06.09.2022
Extreme MassGOP gubernatorial candidate ready to pocket big public subsidy | Newspaper chain Gannett’s twisted approach to charity | Healey’s tap dancing on rent control | About Contrarian Boston
Having your cake and eating it too: In quest for governor, Healey straddles the line on rent control
Attorney General Maura Healey, as she pushes ahead in her campaign for governor, sounded very much like a housing production hawk in her speech Tuesday to Greater Boston’s business elite.
Healey told members of the Greater Boston Chamber of Commerce that she’s all about finding ways to build housing, from spurring construction of new apartments near T stations to easing problematic zoning restrictions.
But Healey, in comments later to reporters, also effectively endorsed proposals that would give Boston, Cambridge and Somerville the power to cap rents in their cities.
It’s an obvious contradiction, but one the Globe and other local media, for the most part, simply missed or ignored.
As developers, businesspeople and more than a few economists will tell you, trying to boost the construction of new housing while simultaneously rolling out rent control is a fool’s errand.
New construction of apartment towers and buildings has surged in the quarter century since voters put an end to rent control in Boston, Cambridge and Brookline.
Maybe it was all just one big coincidence, but that seems unlikely.
A good politician, Healey is trying to have it both ways.
On one hand, she said she opposes a “statewide” rent control mandate, which makes little sense in the current debate, since no one is proposing or even suggesting that.
Instead, Healey has effectively thrown her support behind efforts by Boston, Cambridge and Somerville to roll out their own versions of rent control, something all three cities would need the Legislature, and likely the governor as well, to sign off on.

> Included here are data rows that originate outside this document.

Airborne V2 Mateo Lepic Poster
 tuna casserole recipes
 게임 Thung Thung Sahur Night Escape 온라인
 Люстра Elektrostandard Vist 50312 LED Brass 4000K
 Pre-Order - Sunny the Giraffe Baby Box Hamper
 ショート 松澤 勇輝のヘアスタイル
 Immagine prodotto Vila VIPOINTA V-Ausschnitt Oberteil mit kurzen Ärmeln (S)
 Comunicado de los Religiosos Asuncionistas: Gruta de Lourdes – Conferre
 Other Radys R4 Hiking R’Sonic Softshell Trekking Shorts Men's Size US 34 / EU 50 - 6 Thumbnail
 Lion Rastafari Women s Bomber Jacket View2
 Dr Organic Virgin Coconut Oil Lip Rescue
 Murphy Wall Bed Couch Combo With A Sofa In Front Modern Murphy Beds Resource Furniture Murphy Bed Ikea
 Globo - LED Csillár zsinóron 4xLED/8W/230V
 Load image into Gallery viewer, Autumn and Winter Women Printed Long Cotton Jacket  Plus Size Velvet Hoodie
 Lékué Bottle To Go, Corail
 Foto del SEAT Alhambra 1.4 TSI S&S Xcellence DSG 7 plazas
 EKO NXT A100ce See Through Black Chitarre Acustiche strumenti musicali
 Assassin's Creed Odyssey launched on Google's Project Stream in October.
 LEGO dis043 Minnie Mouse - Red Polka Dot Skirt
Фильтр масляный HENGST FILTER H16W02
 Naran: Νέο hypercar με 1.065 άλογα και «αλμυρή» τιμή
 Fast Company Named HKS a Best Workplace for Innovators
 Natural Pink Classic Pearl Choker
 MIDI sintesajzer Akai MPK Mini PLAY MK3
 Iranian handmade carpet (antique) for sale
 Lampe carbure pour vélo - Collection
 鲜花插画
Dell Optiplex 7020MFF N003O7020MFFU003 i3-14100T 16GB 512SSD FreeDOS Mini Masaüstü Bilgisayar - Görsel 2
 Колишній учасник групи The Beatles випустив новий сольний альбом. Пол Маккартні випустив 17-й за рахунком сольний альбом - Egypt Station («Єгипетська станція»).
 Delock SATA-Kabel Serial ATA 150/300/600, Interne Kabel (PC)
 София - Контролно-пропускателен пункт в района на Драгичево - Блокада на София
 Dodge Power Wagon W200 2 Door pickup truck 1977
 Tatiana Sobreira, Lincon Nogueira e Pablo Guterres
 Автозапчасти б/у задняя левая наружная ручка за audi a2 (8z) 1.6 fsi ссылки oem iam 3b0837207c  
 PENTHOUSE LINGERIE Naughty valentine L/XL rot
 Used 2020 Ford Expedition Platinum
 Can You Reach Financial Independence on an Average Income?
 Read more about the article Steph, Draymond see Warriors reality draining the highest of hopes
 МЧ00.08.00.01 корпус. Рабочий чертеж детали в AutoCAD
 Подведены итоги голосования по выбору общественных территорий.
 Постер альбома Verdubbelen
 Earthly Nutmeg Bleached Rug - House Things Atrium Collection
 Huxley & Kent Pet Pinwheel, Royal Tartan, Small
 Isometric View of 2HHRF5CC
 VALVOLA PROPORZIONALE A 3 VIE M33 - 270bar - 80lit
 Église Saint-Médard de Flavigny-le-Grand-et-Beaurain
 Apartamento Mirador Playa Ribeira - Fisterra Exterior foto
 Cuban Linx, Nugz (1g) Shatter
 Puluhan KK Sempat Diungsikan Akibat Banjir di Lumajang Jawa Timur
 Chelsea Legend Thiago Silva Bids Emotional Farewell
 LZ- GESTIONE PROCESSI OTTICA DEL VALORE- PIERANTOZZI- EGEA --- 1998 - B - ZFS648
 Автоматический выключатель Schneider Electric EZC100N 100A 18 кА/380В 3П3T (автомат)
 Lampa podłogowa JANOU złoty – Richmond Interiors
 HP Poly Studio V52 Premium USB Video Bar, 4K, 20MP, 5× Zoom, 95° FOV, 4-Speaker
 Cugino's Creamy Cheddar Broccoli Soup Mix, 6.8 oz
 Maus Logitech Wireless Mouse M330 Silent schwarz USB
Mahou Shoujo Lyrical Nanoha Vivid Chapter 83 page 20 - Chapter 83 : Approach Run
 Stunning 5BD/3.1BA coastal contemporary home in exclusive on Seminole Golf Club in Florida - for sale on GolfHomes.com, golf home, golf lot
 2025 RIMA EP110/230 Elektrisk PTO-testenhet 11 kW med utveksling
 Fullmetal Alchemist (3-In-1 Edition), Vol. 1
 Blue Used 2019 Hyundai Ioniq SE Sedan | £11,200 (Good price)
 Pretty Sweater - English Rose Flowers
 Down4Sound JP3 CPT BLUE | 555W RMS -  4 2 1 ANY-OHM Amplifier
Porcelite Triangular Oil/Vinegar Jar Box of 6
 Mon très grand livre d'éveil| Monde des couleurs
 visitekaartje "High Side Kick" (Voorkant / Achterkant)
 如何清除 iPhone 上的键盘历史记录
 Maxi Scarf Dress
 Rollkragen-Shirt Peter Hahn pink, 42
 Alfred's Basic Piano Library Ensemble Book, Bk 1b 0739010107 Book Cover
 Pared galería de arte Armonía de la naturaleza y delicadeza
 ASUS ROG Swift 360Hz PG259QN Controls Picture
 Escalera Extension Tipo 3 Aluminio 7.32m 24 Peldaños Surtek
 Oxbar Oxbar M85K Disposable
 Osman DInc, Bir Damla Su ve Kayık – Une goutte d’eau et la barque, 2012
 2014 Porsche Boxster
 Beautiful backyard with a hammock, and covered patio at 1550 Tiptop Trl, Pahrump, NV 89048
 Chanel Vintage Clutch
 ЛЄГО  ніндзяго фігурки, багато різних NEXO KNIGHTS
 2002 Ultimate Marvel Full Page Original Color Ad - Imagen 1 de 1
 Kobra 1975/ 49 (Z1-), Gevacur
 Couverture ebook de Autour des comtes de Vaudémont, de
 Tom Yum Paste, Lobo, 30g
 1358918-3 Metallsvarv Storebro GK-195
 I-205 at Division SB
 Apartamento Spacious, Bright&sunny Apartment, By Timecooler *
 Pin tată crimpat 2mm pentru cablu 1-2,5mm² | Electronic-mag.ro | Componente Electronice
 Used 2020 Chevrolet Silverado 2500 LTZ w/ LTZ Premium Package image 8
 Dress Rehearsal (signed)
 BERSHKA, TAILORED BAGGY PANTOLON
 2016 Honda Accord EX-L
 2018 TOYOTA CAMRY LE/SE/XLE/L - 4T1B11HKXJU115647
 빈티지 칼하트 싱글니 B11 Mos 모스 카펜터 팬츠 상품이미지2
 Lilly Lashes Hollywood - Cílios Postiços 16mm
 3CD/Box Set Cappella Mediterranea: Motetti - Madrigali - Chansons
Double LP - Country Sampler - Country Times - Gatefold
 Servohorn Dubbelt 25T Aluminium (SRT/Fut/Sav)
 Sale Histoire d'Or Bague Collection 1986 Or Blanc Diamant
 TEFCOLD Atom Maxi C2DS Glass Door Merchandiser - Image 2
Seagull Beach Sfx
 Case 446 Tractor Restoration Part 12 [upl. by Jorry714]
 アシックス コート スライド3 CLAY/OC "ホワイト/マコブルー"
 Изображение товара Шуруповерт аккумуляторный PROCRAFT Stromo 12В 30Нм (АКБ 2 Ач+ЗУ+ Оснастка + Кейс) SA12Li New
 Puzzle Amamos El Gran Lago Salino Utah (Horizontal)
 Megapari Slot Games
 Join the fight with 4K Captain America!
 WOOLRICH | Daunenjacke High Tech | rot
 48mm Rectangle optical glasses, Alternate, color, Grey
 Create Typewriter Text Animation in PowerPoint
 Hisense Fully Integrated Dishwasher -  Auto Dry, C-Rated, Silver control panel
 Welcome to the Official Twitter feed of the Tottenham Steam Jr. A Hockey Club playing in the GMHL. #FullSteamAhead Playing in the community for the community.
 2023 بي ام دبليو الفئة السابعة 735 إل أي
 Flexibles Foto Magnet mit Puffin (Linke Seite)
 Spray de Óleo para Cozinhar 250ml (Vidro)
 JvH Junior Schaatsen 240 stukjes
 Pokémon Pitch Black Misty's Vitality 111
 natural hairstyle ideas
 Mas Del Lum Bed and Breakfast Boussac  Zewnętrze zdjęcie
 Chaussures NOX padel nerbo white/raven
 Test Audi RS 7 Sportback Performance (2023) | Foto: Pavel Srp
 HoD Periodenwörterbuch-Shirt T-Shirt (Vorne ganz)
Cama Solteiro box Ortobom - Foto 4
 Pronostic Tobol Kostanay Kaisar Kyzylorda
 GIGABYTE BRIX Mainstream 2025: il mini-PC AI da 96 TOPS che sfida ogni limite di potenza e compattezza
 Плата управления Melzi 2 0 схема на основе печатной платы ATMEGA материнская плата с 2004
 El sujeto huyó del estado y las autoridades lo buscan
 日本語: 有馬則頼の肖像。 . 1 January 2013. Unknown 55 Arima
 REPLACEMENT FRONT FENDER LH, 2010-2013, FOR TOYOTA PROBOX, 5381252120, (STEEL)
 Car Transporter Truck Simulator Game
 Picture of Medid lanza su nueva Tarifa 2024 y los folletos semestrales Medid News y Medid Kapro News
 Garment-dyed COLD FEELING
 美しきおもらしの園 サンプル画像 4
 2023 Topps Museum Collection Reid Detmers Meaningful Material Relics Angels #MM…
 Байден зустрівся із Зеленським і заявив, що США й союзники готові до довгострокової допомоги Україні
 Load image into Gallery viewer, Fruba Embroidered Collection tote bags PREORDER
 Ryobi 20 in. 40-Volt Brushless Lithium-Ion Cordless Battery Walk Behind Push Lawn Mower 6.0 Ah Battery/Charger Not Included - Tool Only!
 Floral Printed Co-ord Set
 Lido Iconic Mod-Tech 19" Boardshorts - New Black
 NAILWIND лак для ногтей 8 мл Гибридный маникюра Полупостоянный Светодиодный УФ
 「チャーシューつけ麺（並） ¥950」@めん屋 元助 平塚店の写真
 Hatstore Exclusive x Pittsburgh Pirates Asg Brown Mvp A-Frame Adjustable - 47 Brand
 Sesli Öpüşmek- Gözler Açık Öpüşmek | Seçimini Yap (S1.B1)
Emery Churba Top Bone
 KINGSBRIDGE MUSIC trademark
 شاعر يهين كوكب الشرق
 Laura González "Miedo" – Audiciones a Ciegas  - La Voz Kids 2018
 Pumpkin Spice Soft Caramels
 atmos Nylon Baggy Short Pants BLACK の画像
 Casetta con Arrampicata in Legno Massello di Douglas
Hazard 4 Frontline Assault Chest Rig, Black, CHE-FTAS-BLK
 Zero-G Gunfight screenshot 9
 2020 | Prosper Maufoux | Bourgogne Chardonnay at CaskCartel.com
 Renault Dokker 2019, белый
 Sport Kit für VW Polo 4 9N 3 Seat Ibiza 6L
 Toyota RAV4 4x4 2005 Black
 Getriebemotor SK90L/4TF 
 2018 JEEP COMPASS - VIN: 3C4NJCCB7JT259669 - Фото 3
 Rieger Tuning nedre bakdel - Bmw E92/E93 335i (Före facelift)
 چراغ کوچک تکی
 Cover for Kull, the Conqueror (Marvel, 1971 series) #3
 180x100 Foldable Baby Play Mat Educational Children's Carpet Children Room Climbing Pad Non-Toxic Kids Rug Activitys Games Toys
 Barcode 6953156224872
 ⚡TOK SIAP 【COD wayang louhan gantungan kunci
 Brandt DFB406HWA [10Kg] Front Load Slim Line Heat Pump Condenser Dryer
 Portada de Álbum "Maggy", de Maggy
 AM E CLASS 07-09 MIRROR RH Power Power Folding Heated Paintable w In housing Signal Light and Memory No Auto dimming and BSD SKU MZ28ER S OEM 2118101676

“Communities should be left to make their own decisions about that,” Healey told reporters after Tuesday’ event, per Banker & Tradesman.
The problem is, we are not talking about the locals in Lee deciding whether to build a new library or expand the recycling center’s hours. Rather, the rent control proposals state lawmakers are eyeing would let three cities where much of Greater Boston’s new housing is built decide to adopt new regulations that would seriously hinder or even shut down new rental construction.
If Healey is really serious about tackling our state’s outrageous housing costs, then she’ll need to explain why she believes rent control won’t kill construction of desperately needed apartments, condos and townhomes.
Wicked windfall: MassGOP gubernatorial candidate Diehl to rake in public campaign financing cash
Something is really wrong with this picture.
Trumpie Geoff Diehl, whose views are so extreme that campaign donors have shunned him, will be taking part in the state’s campaign financing program, giving him a direct line to hundreds of thousands in taxpayer dollars, the Globe reports.
At last count, Diehl has maybe $60,000 in his campaign account, a pathetic figure for a candidate who just won his party’s nomination for governor, albeit at the MassGOP’s wild and whacky confab a couple weeks ago in Springfield.
Adding insult to injury, Diehl will be able to tap into some of that money fairly quickly to try and finish off Wrentham businessman Chris Doughty, who has positioned himself as a more moderate alternative and will appear on the ballot in the Republican primary in September.
Footing the bill for Diehl – and senior campaign strategist Corey Lewandowski, for that matter – is probably not what liberal minded voters had in mind when they checked a box on their state tax returns donating $1 to the public campaign finance program.
So, the devotee of the president who did his best to lie, cheat, bully, and steal his way into another term, gets a big wet kiss from the taxpayers of Massachusetts.
What a travesty.
Another big Boston transit project hanging in the balance?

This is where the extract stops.